Madison School Board races offer variety of choices for district’s path forward
This year’s three Madison School Board races come as school climate and culture for students of color has become a focal point, and the outcome could set very different paths for how the district addresses those issues.
The six candidates running to join the seven-member board are all waging active campaigns, with most candidates stating racial equity and improving the learning environment for students of color as top priorities.
Kaleem Caire and Cristiana Carusi are seeking Seat 3 as it is being vacated by Dean Loumos after two terms. Caire founded a charter school through a new state office that didn’t require School Board approval after the board in 2011 rejected his proposed charter school that would have included single-sex education and uniforms. Carusi is a longtime district parent who has attended school board meetings for more than a decade.
With James Howard leaving Seat 4 after three terms on the board, David Blaska and Ali Muldrow bring completely different approaches to addressing school culture issues. Blaska is the only conservative running and has called for more school discipline, while Muldrow says the racial achievement gap “defines our community” and must be addressed.
And in the sole race involving an incumbent, Ananda Mirilli is challenging TJ Mertz for Seat 5. The two ran against each other in 2013, but Mirilli placed third in the primary and declined to run a write-in campaign after the primary winner dropped out.
If the top vote-getters from the February primary — Carusi, Muldrow and Mirilli — translate those results to a general election win, it would be the first time the seven-member Madison School Board is composed of all women, according to research by the secretary to the board.
There have previously been two instances in which six of the seven seats were held by women: 2007-08 and 1983-84.
Also, depending on how the match-ups shake out, the School Board could have between one person of color — Gloria Reyes who was elected last year — to as many as four, which would make it the most diverse board since 2001-02, according to the board secretary.

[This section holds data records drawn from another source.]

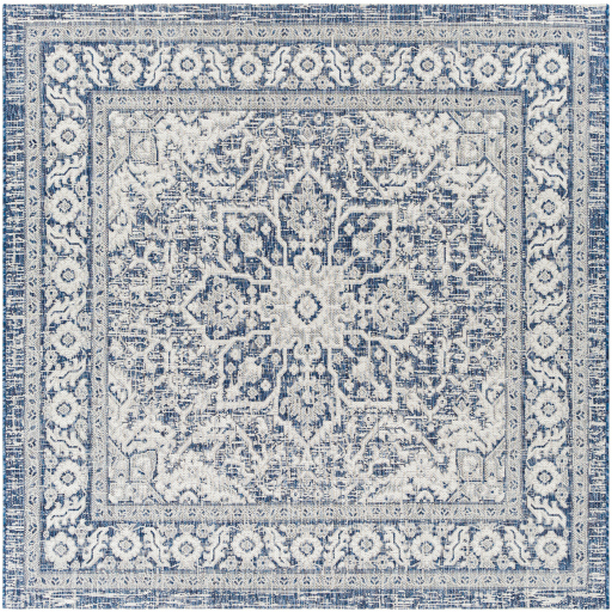 EAG2336-67SQ 6 ft. 7 in. Eagean Machine Woven Square Rug - Navy, Denim & White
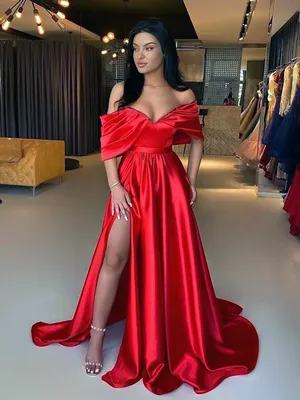 Красные атласные платья фото фотографии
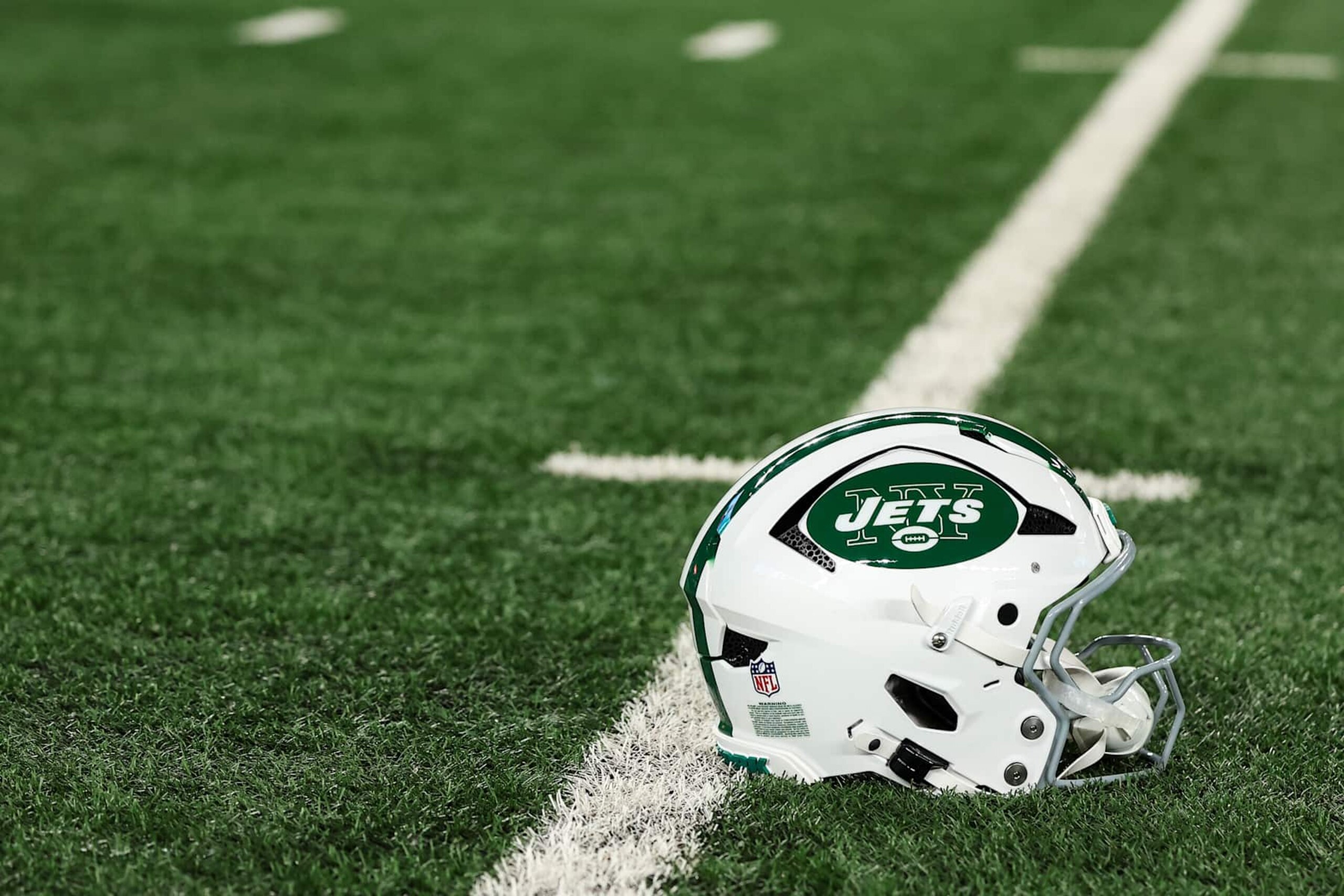 EAST RUTHERFORD, NJ - OCTOBER 14:  Detail view of an New York Jets helmet prior to an NFL football game between the Buffalo Bills and the New York Jets at MetLife Stadium on October 14, 2024 in East Rutherford, NJ. (Photo by Perry Knotts/Getty Images)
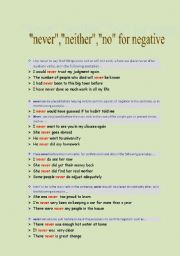 English Worksheet: never, neither....nor, no,........ for negative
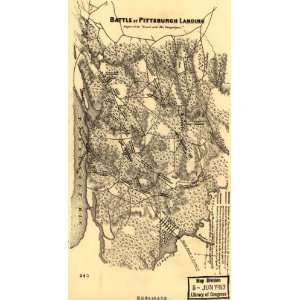  War Map Battle of Pittsburgh Landing i.e., Shiloh Engraved for Grant 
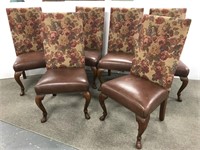 6 Henredon leather dining chairs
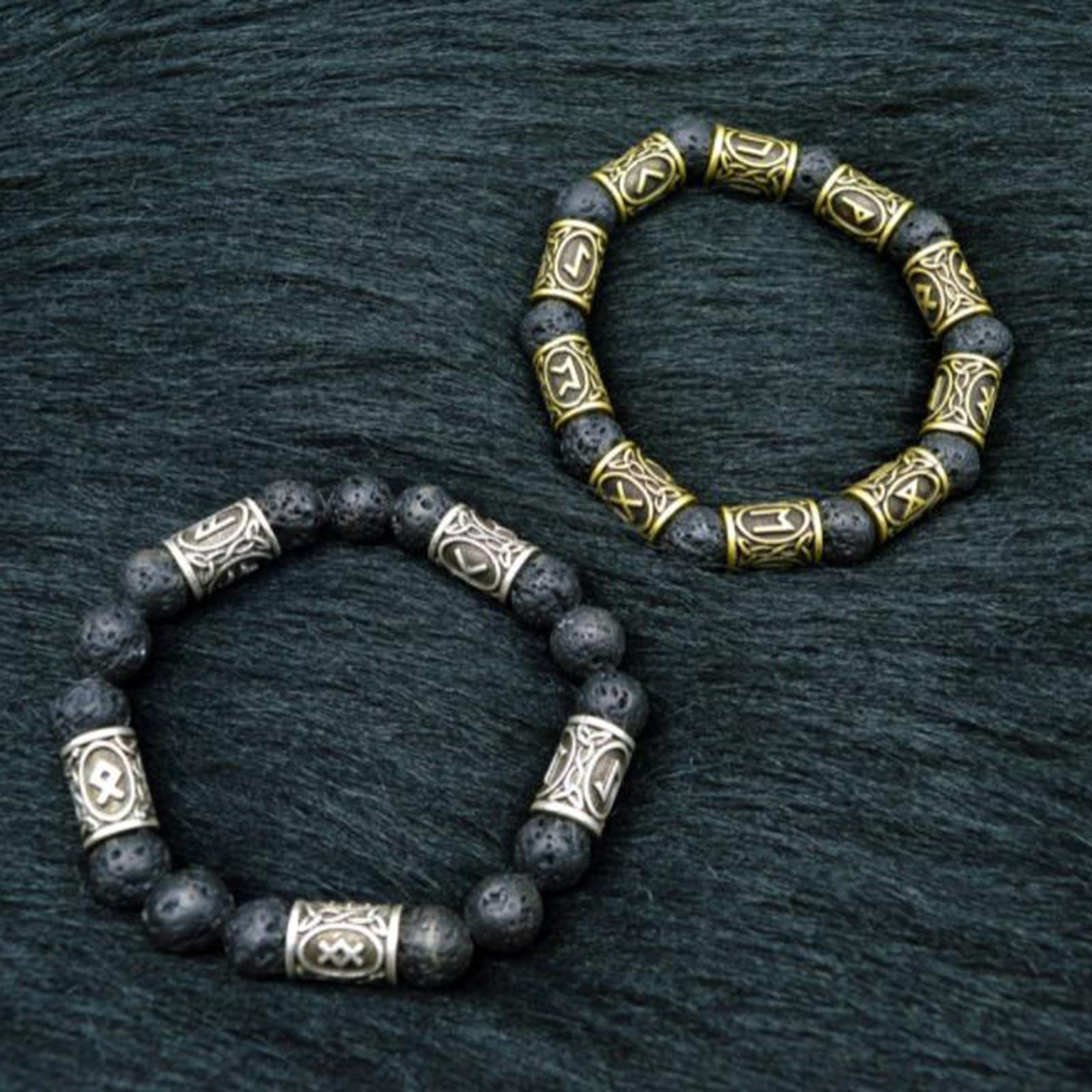 Rune Antique Beads Bracelet  Stone Bangles Accessories for Men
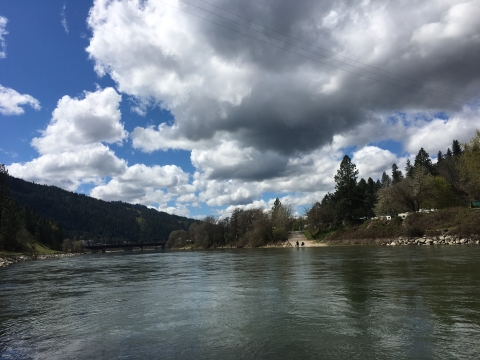 North Fork of the Clearwater River and a boat ramp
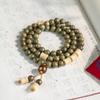 Diseño Chinoiserie Nuevo Chinoiserie Sándalo Verde Natural Pulsera de Sándalo Multi-Círculo Bodhi Pulsera para Hombre Juguete Cultural Rosario de Mano Nicho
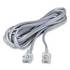 25ft. Telephone RJ11 (RJ12) 6P6C Modular Flat Cable, Straight Connector, Silver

One priority shared by many candidates is finding ways to address the district’s persistent racial achievement gaps between white children and students of color when it comes to average academic proficiency and graduation rates.
At recent board meetings, community members have expressed concern and outrage related to a physical altercation last month between an 11-year-old black student and a white middle school staffer, who was cleared of any criminal wrongdoing and later resigned.
It has been accompanied by calls for cultural competency and anti-racism training after six instances of teachers using the N-word in front of students this year. The teachers union said it is unaware of any of the uses being directed at a student or meant in a derogatory manner.
Those incidents prompted hundreds of parents to sign on to a letter demanding the board do more to improve the environment for students of color, such as diversifying the district’s staff, requiring equity and social justice training, and creating new ways for community members to engage with board members face-to-face.
On Monday, School Board members held a discussion around the request inside a room closed to the public as protesters against police officers in schools disrupted the board for a second meeting in a row.
The election comes at a pivotal time for the fate of the district’s program of stationing one uniformed and armed police officer in each of the four comprehensive high schools — East, La Follette, Memorial and West.
This school year is the last in a three-year contract between the School District and the Madison Police Department.
Negotiations on a new contract between the sides is stalled, primarily over a provision sought by the board that would allow the district to remove an officer if a dispute cannot be resolved. The contract could return to the board for another vote if the language of the agreement is changed from what the board approved at its December meeting. Candidate views on the program run the gamut from opposition to enthusiastic support.
The three-year terms for School Board members also mean those elected next month would decide whether to pursue a possible facilities referendum in 2020 focusing on the high schools and how much money might be asked from taxpayers to pay for renovations and deferred maintenance.